The 1935 Czechoslovak presidential election took place on 18 December 1935. Edvard Beneš was elected the second President of Czechoslovakia and replaced Tomáš Garrigue Masaryk. Beneš's victory was considered unlikely due to lack of support in a parliament but negotiations helped him to win much larger support than Masaryk has ever received.

==Background==
Edvard Beneš was considered Masaryk's successor since 1918. His candidacy in the 1934 election was opposed by the Republican Party of Farmers and Peasants and the large party of Social Democrats and Tomáš Garrigue Masaryk decided to run for his fourth term. He was reelected on 1934. The 1935 parliamentary election resulted in the success of the Sudeten German Party (SdP). SdP remained in opposition and Milan Hodža eventually became the new Prime Minister. Tomáš Garrigue Masaryk decided to resign on his position due to his poor health. Hodža wanted to postpone Masaryk's resignation but agreed that he will support Beneš. Beneš's candidacy was supported by National socialists, Social Democrats and Populars. Republicans and Traders opposed it and wanted Masaryk to remain president.

==Campaign==
===Negotiations===
The leader of Republicans Rudolf Beran tried to persuade Masaryk to not resign but Masaryk declined. The Republicans decided to not support Beneš and started to look for their own candidate. Bohumil Němec was eventually nominated as the party's candidate. He quickly received support of Czechoslovak Traders' Party and Hlinka's Slovak People's Party. Beneš managed to receive support of National socialists and Social Democrats. Němec was then endorsed by National Unification and the National Fascist Community. Hodža resigned due to his failure to find support for Beneš but Masaryk didn't accept it. Masaryk resigned on 14 December 1935. He suggested Beneš as the new president.

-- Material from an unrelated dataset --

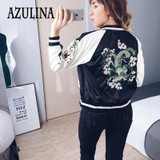 AZULINA Embroidery Floral Bomber Jacket Autumn Spring Women Flower Baseball Souvenir Basic Jackets Female Casual 2017 Black Soft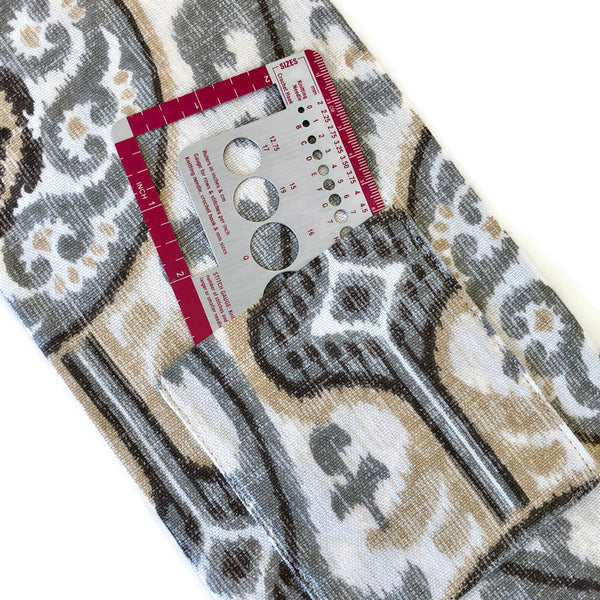Hanging Circular Needle Organizer Gray and Yellow Ikat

Beran tried to convince the Sudeten German Party to vote against Beneš but failed. Beneš on the other hand convinced Hlinka's Slovak People's Party to support him. Beran eventually agreed to negotiate with Beneš. Němec withdrew from election on 17 December 1935 and Republican Party of Farmers and Peasants agreed to support Beneš. Beneš also received indirect support from the Communist Party of Czechoslovakia on 17 December 1935.

===Press campaign===
The right wing and nationalist press led a campaign against Beneš. Parties used their own newspapers for the campaign. The Republicans tried to persuade people that Němec is the only candidate who can be the President of all. The National Unification was strictly against Beneš and tried to undermine Beneš's image of the national candidate. The National Socialists and Social Democrats used their newspapers to support Beneš. Populars eventually supported Beneš due to Masaryk's wish. The Communists supported Beneš because Němec was supported by Fascist parties.

==Procedure==
The president was elected by a bicameral parliament that consisted of 300 Deputies and 150 Senators. A candidate needed 60% of votes to be elected.

==Candidates==
- Edvard Beneš, supported by the Czechoslovak National Socialist Party, Czechoslovak Social Democratic Workers' Party, Czechoslovak People's Party and Communist Party of Czechoslovakia.
- Bohumil Němec, supported by the Republican Party of Farmers and Peasants, Czechoslovak Traders' Party and National Unification. He withdrew from election on 17 December 1935.

==Voting==

Voting was held on 18 December 1935. 440 electors participated in the election. Beneš received 340 votes while 76 votes were blank. 24 electors voted for Němec despite his withdrawal from election. Beneš's support was unexpectedly high.

| Candidate |  | Party | Votes | % |
|---|---|---|---|---|
|  | Edvard Beneš | Czechoslovak National Socialist Party | 340 | 77.27 |
| Blank votes |  |  | 76 | 17.27 |
|  | Bohumil Němec | Republican Party of Farmers and Peasants | 24 | 5.45 |
| Total |  |  | 440 | 100.00 |
| Total votes |  |  | 440 | – |
| Registered voters/turnout |  |  | 450 | 97.78 |

==Aftermath==
Beneš became second president of Czechoslovakia. He led Czechoslovakia until 1938 when he had to leave Czechoslovakia due to World War II and formed the Czechoslovak government-in-exile. He became the leader of the resistance to Nazi Germany and returned to his position as the president of Czechoslovakia when the country was liberated. He resigned in 1948 due to the 1948 coup d'état.